Dear readers, wise readers, it had been my original intention today to write about this striped cotton knit tank top I stitched up Friday afternoon. I'd bought the fabric locally the day I picked up Cathy's black gloves, nothing special. And as you can see the final result is...nothing special.
Here's the back:
OK, like I said, I was going to tell you how I trimmed the edges, how I lined up the stripes, blah, blah, blah -- but then this happened:
So I'm walking home from the flea market yesterday afternoon with the dogs (WAIT till you see the opera-length gloves with original price tag attached I found for $2 -- in lavender!) and I'm crossing north on 25th Street, I'm not even sure why since I live on 24th Street, when what do I see sitting amid a pile of discarded clothes, plastic bags, rotting food -- the usual New York City pile of trash left in front of a shuttered storefront -- but THIS:
Can you friggin' believe it? Just sitting there amid this debris like it was yesterday's pizza box, in fact I think it was even sitting next to yesterday's pizza box. Well, I don't have to tell you what I did: I picked it up -- first looking around to make sure it hadn't already been claimed by some loon living in that pile of trash -- and shlepped it the three blocks home.
What would you have done, peeps -- left it there?

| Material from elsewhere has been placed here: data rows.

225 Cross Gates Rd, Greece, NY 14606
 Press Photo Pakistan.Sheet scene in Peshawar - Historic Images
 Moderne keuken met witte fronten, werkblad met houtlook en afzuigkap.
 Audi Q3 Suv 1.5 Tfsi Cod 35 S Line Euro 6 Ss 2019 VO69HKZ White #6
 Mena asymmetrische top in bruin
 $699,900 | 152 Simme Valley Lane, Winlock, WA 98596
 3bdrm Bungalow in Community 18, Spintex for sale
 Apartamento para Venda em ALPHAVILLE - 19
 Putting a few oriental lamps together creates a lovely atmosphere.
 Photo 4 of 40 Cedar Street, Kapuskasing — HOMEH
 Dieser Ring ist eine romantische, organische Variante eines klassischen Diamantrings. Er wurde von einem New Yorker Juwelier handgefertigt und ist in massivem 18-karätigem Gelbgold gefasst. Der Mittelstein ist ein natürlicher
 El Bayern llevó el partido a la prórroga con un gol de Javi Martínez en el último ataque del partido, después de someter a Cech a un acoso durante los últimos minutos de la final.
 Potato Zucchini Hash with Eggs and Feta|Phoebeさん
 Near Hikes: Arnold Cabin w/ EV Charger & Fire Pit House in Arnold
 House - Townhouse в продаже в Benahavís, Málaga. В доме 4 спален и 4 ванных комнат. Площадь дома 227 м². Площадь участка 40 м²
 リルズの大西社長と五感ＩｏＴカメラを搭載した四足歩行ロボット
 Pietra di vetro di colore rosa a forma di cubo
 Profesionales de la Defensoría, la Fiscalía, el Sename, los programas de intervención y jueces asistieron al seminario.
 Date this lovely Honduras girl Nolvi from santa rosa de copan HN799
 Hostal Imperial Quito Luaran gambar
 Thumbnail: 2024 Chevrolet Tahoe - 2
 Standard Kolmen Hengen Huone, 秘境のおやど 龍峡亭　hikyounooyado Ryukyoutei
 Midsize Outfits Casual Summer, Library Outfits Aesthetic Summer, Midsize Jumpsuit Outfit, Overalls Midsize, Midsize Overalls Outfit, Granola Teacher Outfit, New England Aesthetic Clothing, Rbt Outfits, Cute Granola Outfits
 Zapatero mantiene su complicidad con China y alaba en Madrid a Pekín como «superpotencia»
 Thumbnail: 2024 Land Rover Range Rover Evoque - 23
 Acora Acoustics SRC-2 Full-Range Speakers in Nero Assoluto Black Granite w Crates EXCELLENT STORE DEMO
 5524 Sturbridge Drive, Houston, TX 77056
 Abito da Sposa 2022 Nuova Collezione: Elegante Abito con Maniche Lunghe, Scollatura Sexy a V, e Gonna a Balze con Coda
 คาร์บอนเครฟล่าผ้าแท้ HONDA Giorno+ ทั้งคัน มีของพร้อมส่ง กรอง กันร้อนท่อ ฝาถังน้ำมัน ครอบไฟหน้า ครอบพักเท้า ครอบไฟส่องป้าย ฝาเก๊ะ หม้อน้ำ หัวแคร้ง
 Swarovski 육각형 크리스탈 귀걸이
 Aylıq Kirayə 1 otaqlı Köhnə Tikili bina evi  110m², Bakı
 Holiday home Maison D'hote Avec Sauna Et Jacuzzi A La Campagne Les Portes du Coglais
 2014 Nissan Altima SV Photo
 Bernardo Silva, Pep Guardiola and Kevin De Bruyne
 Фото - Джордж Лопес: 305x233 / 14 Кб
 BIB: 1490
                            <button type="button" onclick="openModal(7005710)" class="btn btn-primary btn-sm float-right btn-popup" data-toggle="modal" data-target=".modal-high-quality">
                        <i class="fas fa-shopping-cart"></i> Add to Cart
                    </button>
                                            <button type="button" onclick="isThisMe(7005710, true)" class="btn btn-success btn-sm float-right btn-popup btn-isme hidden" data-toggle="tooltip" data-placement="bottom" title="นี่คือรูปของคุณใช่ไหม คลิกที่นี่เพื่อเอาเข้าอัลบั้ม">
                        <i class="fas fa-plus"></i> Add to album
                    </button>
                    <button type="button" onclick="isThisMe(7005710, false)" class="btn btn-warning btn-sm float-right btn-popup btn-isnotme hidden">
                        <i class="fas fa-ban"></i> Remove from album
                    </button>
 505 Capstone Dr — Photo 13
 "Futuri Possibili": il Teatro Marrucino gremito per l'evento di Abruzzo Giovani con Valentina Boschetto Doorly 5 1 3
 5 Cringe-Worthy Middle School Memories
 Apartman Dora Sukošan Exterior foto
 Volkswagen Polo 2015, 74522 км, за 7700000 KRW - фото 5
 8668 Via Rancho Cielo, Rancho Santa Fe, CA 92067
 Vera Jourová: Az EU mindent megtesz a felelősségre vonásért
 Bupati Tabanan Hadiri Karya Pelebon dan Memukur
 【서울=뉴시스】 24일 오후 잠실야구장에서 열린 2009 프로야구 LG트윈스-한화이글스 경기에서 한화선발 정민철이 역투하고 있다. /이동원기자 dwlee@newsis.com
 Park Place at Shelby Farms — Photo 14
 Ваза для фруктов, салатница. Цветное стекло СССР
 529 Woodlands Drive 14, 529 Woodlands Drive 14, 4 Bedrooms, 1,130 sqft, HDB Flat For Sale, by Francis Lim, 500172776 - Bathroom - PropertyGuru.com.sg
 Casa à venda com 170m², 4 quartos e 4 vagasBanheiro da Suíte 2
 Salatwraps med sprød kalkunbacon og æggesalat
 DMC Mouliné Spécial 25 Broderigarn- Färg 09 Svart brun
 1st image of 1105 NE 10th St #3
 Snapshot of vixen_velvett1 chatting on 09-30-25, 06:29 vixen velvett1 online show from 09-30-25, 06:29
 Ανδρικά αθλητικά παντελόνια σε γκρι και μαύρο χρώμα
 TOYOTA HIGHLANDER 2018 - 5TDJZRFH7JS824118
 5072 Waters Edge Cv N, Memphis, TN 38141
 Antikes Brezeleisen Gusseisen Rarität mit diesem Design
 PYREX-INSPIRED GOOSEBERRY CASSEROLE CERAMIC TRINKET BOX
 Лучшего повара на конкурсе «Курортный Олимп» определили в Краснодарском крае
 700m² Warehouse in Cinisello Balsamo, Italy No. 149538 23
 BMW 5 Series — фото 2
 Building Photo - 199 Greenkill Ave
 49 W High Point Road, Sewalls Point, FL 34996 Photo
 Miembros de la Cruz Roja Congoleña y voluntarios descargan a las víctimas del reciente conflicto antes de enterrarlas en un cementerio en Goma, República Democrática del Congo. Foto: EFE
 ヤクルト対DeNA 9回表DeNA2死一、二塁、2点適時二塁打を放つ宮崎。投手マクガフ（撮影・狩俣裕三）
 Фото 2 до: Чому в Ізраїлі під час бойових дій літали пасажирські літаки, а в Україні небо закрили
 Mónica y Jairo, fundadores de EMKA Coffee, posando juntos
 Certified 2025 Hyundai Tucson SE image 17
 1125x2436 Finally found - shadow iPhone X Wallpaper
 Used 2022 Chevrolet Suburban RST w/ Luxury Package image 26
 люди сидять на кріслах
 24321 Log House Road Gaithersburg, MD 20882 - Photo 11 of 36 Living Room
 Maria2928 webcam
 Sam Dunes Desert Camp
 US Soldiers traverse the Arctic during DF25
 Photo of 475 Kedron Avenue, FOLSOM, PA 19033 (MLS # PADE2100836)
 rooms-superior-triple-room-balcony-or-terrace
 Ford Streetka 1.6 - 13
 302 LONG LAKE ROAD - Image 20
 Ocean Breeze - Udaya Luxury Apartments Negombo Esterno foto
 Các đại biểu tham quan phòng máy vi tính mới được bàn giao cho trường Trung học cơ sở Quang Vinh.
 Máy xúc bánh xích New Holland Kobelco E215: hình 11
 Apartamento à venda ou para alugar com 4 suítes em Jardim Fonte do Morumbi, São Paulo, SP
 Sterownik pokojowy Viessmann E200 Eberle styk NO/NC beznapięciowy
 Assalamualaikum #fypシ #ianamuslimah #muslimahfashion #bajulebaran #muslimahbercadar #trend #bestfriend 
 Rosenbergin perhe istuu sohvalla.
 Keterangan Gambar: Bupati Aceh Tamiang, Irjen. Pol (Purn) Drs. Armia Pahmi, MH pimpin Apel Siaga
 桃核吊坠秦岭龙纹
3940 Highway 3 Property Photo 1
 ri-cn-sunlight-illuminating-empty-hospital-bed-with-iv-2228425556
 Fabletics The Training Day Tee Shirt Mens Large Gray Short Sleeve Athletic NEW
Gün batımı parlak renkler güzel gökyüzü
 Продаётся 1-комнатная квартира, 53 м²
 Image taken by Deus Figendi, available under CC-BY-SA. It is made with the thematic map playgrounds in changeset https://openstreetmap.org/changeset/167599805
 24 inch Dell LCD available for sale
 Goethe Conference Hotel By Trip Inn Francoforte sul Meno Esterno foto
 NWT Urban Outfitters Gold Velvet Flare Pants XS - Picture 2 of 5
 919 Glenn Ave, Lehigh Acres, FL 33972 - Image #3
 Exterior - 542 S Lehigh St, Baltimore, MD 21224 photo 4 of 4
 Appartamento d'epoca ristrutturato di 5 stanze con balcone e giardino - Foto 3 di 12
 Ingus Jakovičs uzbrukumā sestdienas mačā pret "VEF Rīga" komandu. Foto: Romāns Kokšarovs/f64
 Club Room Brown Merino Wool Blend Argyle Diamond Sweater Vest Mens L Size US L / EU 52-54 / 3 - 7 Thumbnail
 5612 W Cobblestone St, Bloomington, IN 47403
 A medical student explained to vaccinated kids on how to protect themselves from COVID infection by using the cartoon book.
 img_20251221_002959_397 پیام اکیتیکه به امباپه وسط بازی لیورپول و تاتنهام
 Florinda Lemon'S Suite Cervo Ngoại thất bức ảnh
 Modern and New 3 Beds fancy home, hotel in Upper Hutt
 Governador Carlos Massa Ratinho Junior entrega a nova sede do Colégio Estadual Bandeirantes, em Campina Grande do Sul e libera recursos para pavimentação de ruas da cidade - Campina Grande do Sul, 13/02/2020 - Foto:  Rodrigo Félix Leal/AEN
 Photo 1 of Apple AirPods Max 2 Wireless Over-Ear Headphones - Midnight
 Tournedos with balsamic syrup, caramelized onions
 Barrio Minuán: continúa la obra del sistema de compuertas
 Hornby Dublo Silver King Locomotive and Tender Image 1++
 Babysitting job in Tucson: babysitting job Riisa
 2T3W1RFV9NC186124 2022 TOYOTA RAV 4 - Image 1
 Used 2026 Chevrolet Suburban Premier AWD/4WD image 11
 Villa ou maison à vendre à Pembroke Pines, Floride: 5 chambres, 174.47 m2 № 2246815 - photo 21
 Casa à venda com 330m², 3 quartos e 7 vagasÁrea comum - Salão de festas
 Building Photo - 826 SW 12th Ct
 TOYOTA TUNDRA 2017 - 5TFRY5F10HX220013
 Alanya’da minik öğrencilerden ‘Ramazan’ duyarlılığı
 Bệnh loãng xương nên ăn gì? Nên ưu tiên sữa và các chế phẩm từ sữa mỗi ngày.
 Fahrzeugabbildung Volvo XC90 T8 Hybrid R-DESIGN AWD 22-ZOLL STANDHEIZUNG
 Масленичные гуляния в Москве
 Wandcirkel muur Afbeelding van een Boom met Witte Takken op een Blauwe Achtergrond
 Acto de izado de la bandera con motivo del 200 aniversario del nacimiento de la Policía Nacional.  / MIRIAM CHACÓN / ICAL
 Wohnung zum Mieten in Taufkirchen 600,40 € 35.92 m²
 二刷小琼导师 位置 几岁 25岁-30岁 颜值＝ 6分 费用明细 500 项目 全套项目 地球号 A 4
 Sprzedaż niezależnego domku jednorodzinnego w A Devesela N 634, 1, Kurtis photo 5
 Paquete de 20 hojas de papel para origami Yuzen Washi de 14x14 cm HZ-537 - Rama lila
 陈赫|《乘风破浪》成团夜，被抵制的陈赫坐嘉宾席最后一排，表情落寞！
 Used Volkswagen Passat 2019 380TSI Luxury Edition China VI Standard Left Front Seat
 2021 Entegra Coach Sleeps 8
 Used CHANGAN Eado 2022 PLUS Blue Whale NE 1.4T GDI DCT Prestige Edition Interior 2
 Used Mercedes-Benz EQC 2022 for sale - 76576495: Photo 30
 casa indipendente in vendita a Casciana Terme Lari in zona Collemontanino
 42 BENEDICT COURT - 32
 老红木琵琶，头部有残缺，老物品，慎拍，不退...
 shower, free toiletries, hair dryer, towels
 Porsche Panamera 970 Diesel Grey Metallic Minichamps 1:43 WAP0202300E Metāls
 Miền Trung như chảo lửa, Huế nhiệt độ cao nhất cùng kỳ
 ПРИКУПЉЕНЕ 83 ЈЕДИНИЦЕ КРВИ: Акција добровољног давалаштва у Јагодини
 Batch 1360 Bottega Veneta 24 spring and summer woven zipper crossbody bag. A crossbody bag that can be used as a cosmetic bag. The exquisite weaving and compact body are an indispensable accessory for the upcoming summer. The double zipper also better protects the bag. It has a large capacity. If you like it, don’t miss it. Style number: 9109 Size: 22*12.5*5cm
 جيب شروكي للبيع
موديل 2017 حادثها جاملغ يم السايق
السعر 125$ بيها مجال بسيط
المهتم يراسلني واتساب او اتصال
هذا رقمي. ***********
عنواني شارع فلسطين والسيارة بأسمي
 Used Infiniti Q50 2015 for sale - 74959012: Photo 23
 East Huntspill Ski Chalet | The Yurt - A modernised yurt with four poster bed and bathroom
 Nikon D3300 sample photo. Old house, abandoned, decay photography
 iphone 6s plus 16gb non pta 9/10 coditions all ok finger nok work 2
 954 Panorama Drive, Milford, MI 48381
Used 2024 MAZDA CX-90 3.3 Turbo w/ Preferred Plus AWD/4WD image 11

Now look, you know I can resist a flea market sewing machine, I can resist a thrift store sewing machine, I can scroll past hundreds of eBay sewing machine listings like they didn't exist, but when I find a sewing machine in the street...well that's where I draw the line. I simply cannot ignore it.
Needless to say, like just about every discarded mechanical anything, this machine has issues. First, it has no motor. Second, it has no belt. Third, it has no tension assembly. Fourth, it has no whatever-that-thing-is-the-drop-in-bobbin-sits-in-is-called. But guess what? When you turn the hand wheel, the needle goes up and down. It works! And it even came with a straight stitch presser foot.
I was able to date it from 1951 and I think it's a Singer 66, though I'm not completely certain.
So now I have to decide what to do with it. I already have a perfectly good Singer, my beloved 15-91, and I don't think I have the energy to restore this one. I also have all the doorstops I need.
So now what? At risk of further establishing a dangerous precedent, I once again turn to you for advice.
What would you do, peeps? Throw this baby back on the street?
Think carefully; the fate of a sewing machine lies in your hands.